Assignment: An unchanged copy of each entry below is needed; keep the pictures out of it.

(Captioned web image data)
────────────────
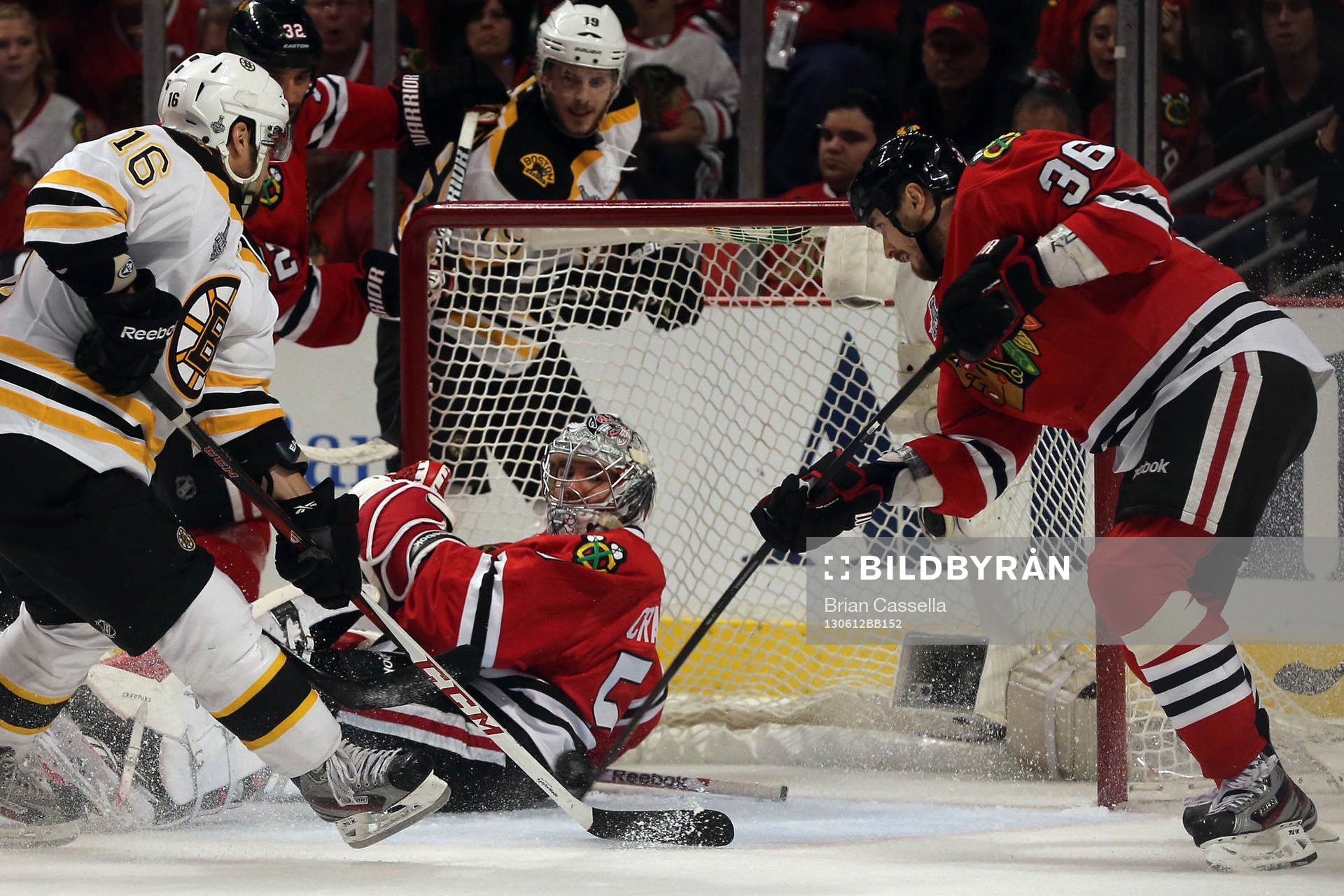 June 12, 2013 - Chicago, IL, USA - The Chicago Blackhawks'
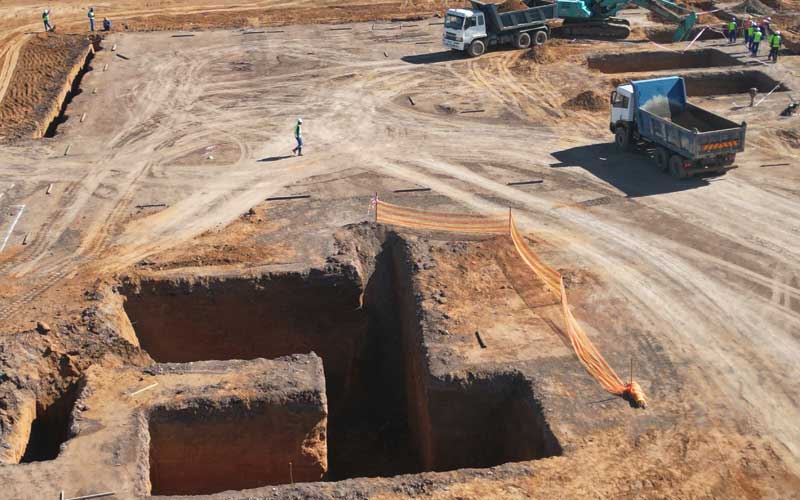 Professional Earth Moving by GR Civils in George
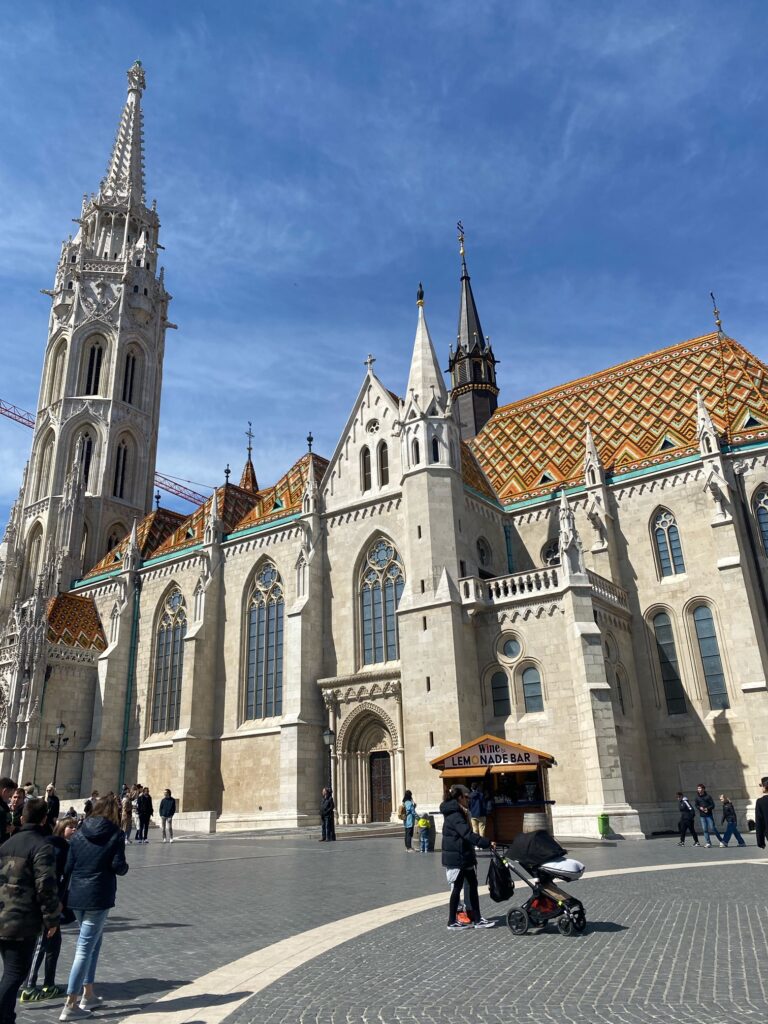 【ブダペスト旅行１】ハンガリーの魅力的な街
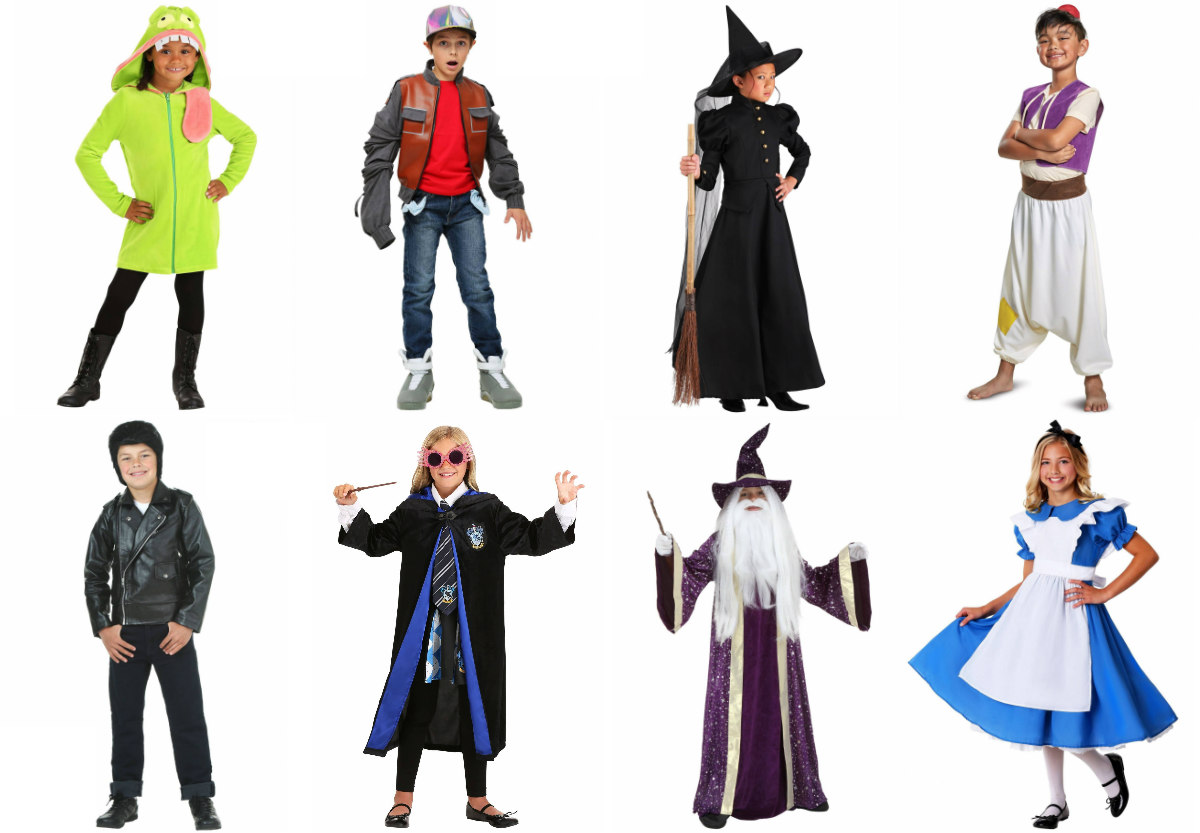 Costumes for Tall Kids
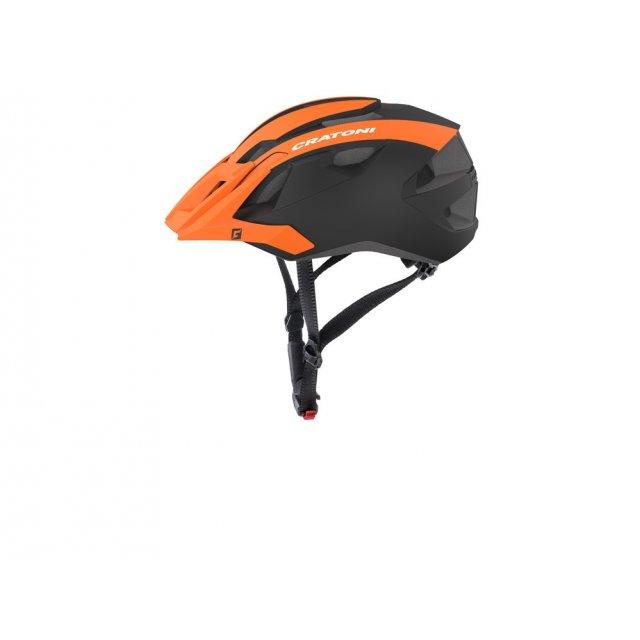 Cratoni - Fahrradhelm Cratoni AllRide (MTB) Gr. Uni (53-59cm) orange/schwarz matt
────────────────
Answer below:
 June 12, 2013 - Chicago, IL, USA - The Chicago Blackhawks'
 Professional Earth Moving by GR Civils in George
 【ブダペスト旅行１】ハンガリーの魅力的な街
 Costumes for Tall Kids
 Cratoni - Fahrradhelm Cratoni AllRide (MTB) Gr. Uni (53-59cm) orange/schwarz matt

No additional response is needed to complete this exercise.